### Work instructions
In the data below, find the line with "A wooden shoe" and the line with "Yael naim umbrella (live at taratata)", then restate both and every line between them exactly, minus the pictures.

### Task input
━━━━━━━━━━
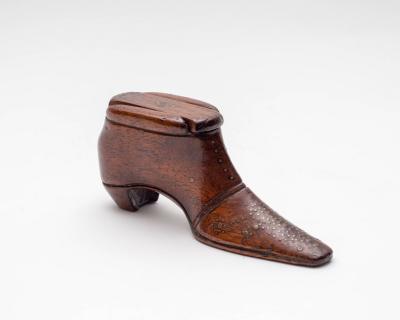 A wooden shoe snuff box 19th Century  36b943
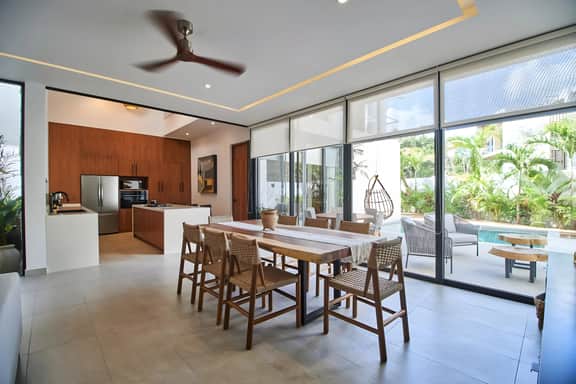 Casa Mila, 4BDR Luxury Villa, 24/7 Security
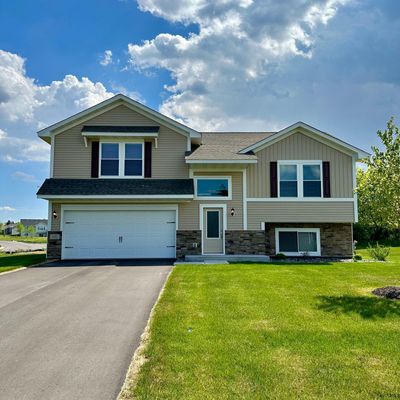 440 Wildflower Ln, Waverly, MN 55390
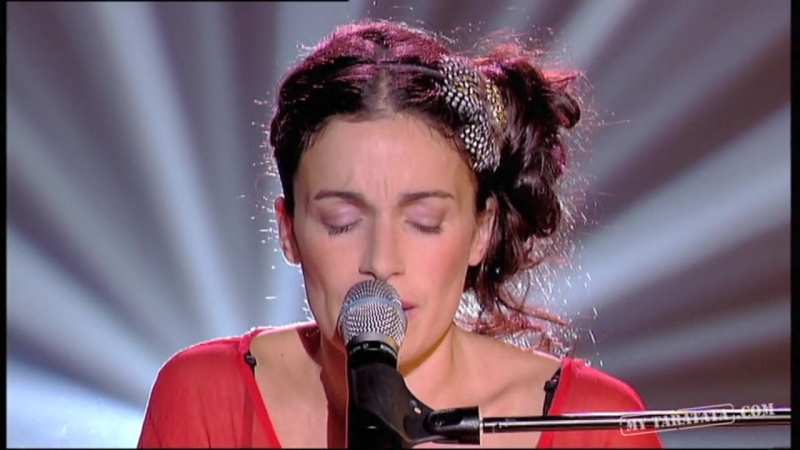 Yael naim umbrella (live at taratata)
━━━━━━━━━━
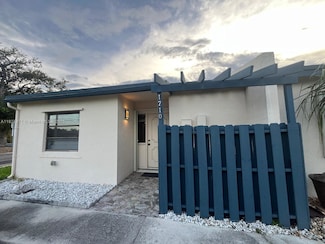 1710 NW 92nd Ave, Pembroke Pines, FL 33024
━━━━━━━━━━
### Response box
 A wooden shoe snuff box 19th Century  36b943
 Casa Mila, 4BDR Luxury Villa, 24/7 Security
 440 Wildflower Ln, Waverly, MN 55390
 Yael naim umbrella (live at taratata)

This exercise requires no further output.